The RTC eventually granted the writ so the ES filed a petition for certiorari with the
Court of Appeals, asserting thatAcro-Phil is not the real party-in-interest as
petitioner in the trial court, as it was inconceivable how a non-stock and non-profit
corporation, could sustain direct injury as a result of the enforcement of the law.
They argued that if, at all, any damage would result in the implementation of the
law, it is the licensed and registered recruitment agencies and/or the unskilled
Filipino migrant workers discriminated against who would sustain the said injury or
damage, not AcroPhil.

The CA dismissed this, hence the present petition.

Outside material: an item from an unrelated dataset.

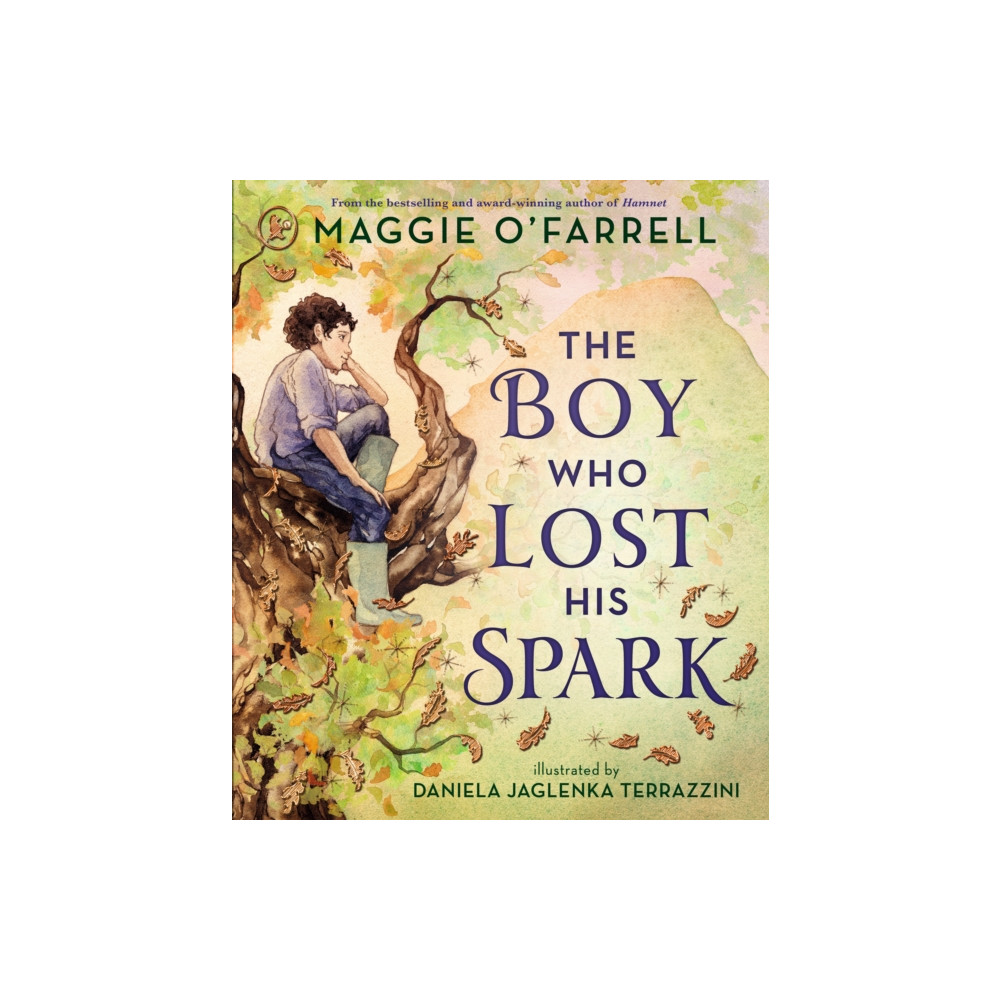 Produktbild för The Boy Who Lost His Spark (häftad, eng)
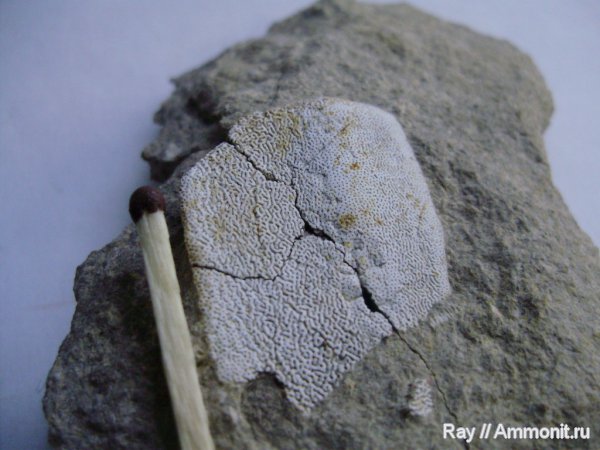 Россия, Калужская область, Пятовский карьер, Psammodus, Psammodontiformes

ISSUE: WON ACRO-Phil has locus standi.

HELD: Only insofar as the 11 licensed and registered recruitment agencies


impleaded in the amended petitions but not for the unskilled workers it was
claiming for. The modern view is that an association has standing to complain of
injuries to its members. This view fuses the legal identity of an association with that
of its members. An association has standing to file suit for its workers despite its
lack of direct interest if its members are affected by the action. The Court note that,
under its Articles of Incorporation, ACRO-Phil was organized for the purposes inter
alia of promoting and supporting the growth and development of the manpower
recruitment industry, both in the local and international levels; providing, creating
and exploring employment opportunities for the exclusive benefit of its general
membership; enhancing and promoting the general welfare and protection of

Filipino workers; and, to act as the representative of any individual, company, entity
or association on matters related to the manpower recruitment industry, and to
perform other acts and activities necessary to accomplish the purposes embodied
therein. ACRO-Phil is, thus, the appropriate party to assert the rights of its
members, because it and its members are in every practical sense identical.
However, with respect to the unskilled workers, the Court finds that ACRO-Phil
cannot file the petition on their behalf and that it even failed to implead such
unskilled workers in their petition.